Load and use the model

test(single_node_log_dir)
/local_disk0/tmp/1610480446960-0/PythonShell.py:21: UserWarning: Implicit dimension choice for log_softmax has been deprecated. Change the call to include dim=X as an argument. from py4j.java_collections import ListConverter Average test loss: 0.6969888210296631

Migrate to HorovodRunner

HorovodRunner takes a Python method that contains deep learning training code with Horovod hooks. HorovodRunner pickles the method on the driver and distributes it to Spark workers. A Horovod MPI job is embedded as a Spark job using barrier execution mode.

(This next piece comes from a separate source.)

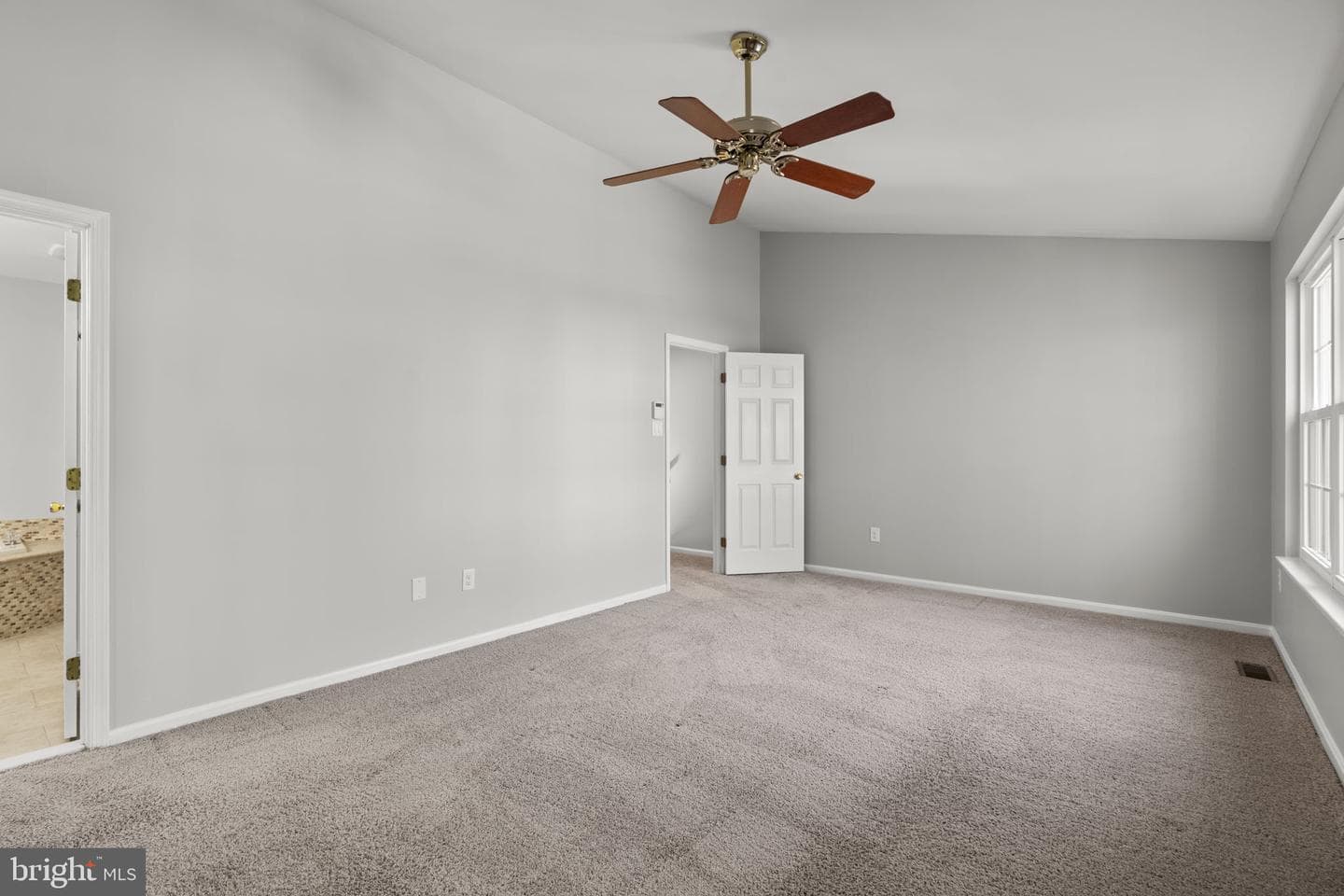 12239 Green Meadow Drive photo 25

import horovod.torch as hvd
from sparkdl import HorovodRunner
hvd_log_dir = create_log_dir()
print("Log directory:", hvd_log_dir)
 
def train_hvd(learning_rate):
  
  # Initialize Horovod
  hvd.init()  
  device = torch.device('cuda' if torch.cuda.is_available() else 'cpu')
  
  if device.type == 'cuda':
    # Pin GPU to local rank
    torch.cuda.set_device(hvd.local_rank())
 
  train_dataset = datasets.MNIST(
    # Use different root directory for each worker to avoid conflicts
    root='data-%d'% hvd.rank(),  
    train=True, 
    download=True,
    transform=transforms.Compose([transforms.ToTensor(), transforms.Normalize((0.1307,), (0.3081,))])
  )
 
  from torch.utils.data.distributed import DistributedSampler
  
  # Configure the sampler so that each worker gets a distinct sample of the input dataset
  train_sampler = DistributedSampler(train_dataset, num_replicas=hvd.size(), rank=hvd.rank())
  # Use train_sampler to load a different sample of data on each worker
  train_loader = torch.utils.data.DataLoader(train_dataset, batch_size=batch_size, sampler=train_sampler)
 
  model = Net().to(device)
  
  # The effective batch size in synchronous distributed training is scaled by the number of workers
  # Increase learning_rate to compensate for the increased batch size
  optimizer = optim.SGD(model.parameters(), lr=learning_rate * hvd.size(), momentum=momentum)
 
  # Wrap the local optimizer with hvd.DistributedOptimizer so that Horovod handles the distributed optimization
  optimizer = hvd.DistributedOptimizer(optimizer, named_parameters=model.named_parameters())
  
  # Broadcast initial parameters so all workers start with the same parameters
  hvd.broadcast_parameters(model.state_dict(), root_rank=0)
 
  for epoch in range(1, num_epochs + 1):
    train_one_epoch(model, device, train_loader, optimizer, epoch)
    # Save checkpoints only on worker 0 to prevent conflicts between workers
    if hvd.rank() == 0:
      save_checkpoint(hvd_log_dir, model, optimizer, epoch)
Log directory: /dbfs/ml/horovod_pytorch/1610480588.0704386/MNISTDemo

Now that you have defined a training function with Horovod, you can use HorovodRunner to distribute the work of training the model.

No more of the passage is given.